Information:
=== Begin Enclosure ===

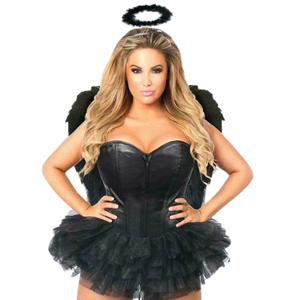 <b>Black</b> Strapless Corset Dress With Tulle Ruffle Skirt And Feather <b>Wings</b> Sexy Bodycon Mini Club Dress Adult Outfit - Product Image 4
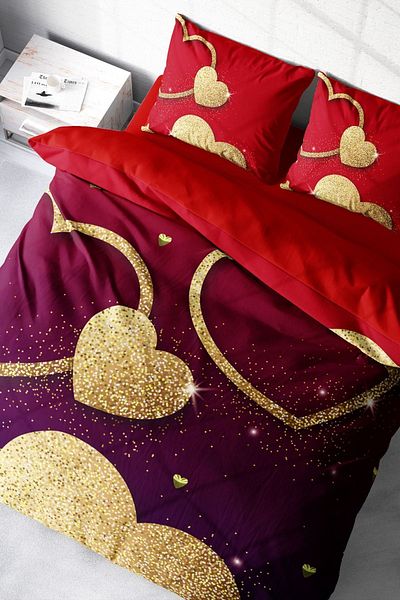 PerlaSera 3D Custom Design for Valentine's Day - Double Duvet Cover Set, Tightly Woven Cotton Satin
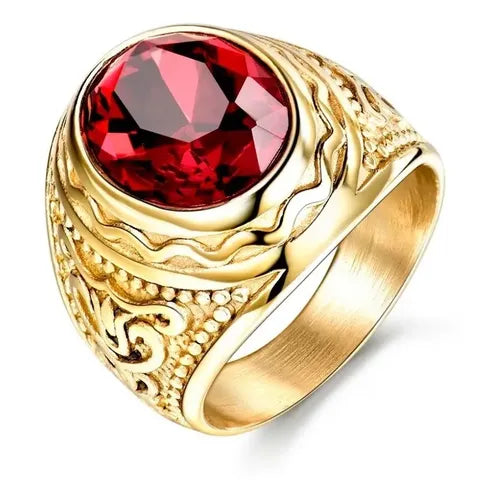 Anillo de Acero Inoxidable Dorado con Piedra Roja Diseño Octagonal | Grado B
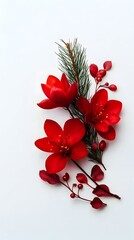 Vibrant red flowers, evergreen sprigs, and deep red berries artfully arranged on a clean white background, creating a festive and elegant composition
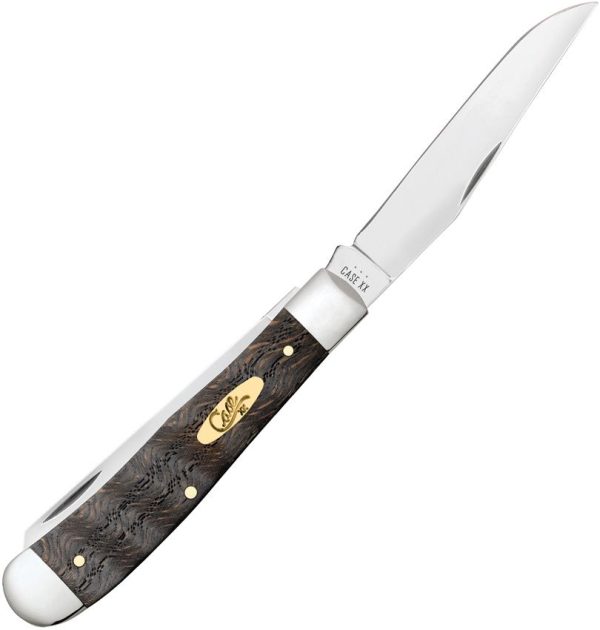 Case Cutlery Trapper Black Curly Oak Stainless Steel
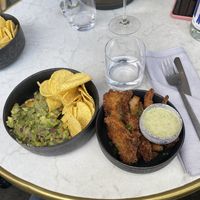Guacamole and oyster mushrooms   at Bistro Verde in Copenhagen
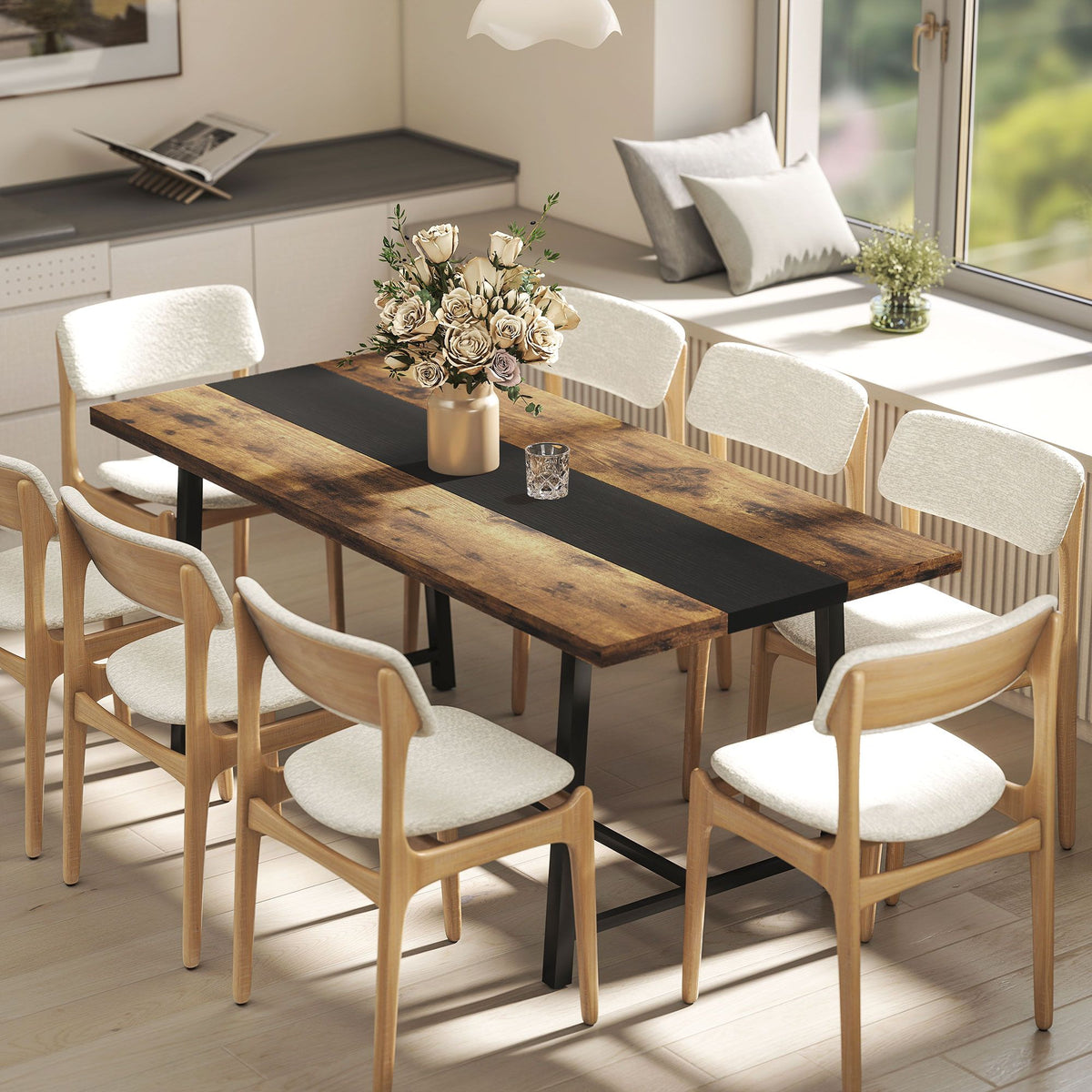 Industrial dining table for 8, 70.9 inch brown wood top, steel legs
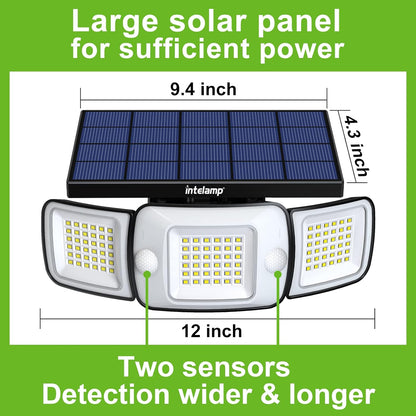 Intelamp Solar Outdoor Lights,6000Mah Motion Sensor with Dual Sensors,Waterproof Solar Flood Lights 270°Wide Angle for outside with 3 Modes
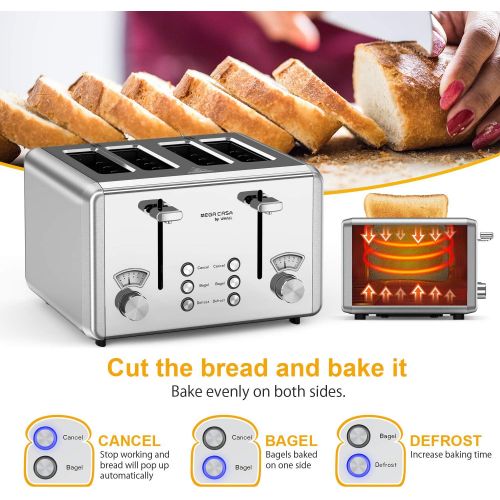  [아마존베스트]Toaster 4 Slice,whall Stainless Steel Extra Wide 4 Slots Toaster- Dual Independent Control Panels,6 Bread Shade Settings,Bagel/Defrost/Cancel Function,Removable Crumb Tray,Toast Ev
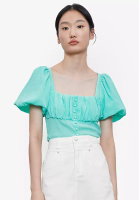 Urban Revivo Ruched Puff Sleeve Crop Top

=== End Enclosure ===
=== Begin Enclosure ===

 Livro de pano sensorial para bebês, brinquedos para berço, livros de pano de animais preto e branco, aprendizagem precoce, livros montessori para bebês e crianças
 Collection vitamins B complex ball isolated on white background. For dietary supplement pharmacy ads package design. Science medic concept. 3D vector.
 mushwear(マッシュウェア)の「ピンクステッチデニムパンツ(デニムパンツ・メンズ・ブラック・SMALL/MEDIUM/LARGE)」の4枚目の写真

=== End Enclosure ===

Work instructions:
What to print is the stretch of entries from the line with "Case Cutlery Trapper" up to and including the line with "Urban Revivo Ruched Puff Sleeve Crop Top". Please print it exactly and leave out the pictures.

Written answer:
 Case Cutlery Trapper Black Curly Oak Stainless Steel
Guacamole and oyster mushrooms   at Bistro Verde in Copenhagen
 Industrial dining table for 8, 70.9 inch brown wood top, steel legs
 Intelamp Solar Outdoor Lights,6000Mah Motion Sensor with Dual Sensors,Waterproof Solar Flood Lights 270°Wide Angle for outside with 3 Modes
  [아마존베스트]Toaster 4 Slice,whall Stainless Steel Extra Wide 4 Slots Toaster- Dual Independent Control Panels,6 Bread Shade Settings,Bagel/Defrost/Cancel Function,Removable Crumb Tray,Toast Ev
 Urban Revivo Ruched Puff Sleeve Crop Top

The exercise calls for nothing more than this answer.